===== EXCERPTED RECORDS

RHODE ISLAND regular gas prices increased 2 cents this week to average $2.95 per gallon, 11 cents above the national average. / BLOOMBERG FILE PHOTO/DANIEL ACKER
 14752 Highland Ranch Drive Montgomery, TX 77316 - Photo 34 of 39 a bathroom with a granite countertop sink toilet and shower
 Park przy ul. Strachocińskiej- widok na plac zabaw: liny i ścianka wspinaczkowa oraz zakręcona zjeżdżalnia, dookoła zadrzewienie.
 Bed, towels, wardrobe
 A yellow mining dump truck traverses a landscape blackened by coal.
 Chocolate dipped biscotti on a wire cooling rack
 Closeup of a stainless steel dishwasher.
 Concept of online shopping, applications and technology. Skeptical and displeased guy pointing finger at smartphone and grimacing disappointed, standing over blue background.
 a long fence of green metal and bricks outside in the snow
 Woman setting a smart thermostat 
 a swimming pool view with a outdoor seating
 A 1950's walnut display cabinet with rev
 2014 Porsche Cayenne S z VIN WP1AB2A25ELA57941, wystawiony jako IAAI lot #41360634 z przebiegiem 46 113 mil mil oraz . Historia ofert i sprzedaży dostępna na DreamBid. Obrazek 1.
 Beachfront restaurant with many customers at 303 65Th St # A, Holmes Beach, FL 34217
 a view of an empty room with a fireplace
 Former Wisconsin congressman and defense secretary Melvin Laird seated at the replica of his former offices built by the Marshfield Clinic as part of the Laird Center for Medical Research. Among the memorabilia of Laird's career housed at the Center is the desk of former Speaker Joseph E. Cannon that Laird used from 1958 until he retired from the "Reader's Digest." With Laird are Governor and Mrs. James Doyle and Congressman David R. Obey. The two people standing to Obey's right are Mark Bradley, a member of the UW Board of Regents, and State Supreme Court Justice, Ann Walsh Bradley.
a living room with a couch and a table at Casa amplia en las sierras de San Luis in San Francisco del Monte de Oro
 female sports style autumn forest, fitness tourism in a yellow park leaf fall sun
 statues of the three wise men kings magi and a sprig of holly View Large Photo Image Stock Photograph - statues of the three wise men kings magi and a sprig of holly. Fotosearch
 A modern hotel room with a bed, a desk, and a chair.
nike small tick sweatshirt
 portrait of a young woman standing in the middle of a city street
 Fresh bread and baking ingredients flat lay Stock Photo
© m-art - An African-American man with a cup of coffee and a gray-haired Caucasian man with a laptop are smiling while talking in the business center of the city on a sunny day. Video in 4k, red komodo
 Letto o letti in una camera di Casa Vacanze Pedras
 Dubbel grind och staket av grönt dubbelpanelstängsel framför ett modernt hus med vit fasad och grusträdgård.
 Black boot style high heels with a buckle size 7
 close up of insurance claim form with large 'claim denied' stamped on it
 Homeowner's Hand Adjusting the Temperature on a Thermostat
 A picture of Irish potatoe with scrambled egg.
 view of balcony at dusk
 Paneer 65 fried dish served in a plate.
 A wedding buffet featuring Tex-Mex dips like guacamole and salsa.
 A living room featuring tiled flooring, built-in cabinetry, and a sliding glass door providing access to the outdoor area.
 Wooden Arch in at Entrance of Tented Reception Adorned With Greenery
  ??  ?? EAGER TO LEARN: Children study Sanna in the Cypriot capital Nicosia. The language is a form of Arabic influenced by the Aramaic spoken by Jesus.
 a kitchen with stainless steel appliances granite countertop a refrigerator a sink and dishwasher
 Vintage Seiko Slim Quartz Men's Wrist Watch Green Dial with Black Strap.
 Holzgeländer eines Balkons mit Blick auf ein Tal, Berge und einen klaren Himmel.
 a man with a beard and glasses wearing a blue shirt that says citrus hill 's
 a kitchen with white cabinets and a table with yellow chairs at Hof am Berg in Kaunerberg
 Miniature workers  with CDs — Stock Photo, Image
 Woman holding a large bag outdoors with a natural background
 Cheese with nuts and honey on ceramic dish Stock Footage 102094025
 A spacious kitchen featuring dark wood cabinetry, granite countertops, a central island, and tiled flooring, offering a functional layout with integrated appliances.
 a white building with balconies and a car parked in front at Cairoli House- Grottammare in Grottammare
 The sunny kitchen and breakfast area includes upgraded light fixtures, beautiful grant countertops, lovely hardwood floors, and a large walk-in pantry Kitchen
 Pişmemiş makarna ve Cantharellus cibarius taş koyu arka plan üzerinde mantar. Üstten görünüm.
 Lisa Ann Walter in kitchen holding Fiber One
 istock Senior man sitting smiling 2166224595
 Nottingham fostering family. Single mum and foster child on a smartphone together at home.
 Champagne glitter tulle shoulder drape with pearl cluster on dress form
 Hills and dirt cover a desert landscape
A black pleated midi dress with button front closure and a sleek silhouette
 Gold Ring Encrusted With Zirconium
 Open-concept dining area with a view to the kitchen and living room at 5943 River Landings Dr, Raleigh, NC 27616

==========

=== ACTION ITEM ===
From the listing, copy each line containing the word "countertops".

=== RESULT FOR THIS TASK ===
 A spacious kitchen featuring dark wood cabinetry, granite countertops, a central island, and tiled flooring, offering a functional layout with integrated appliances.
 The sunny kitchen and breakfast area includes upgraded light fixtures, beautiful grant countertops, lovely hardwood floors, and a large walk-in pantry Kitchen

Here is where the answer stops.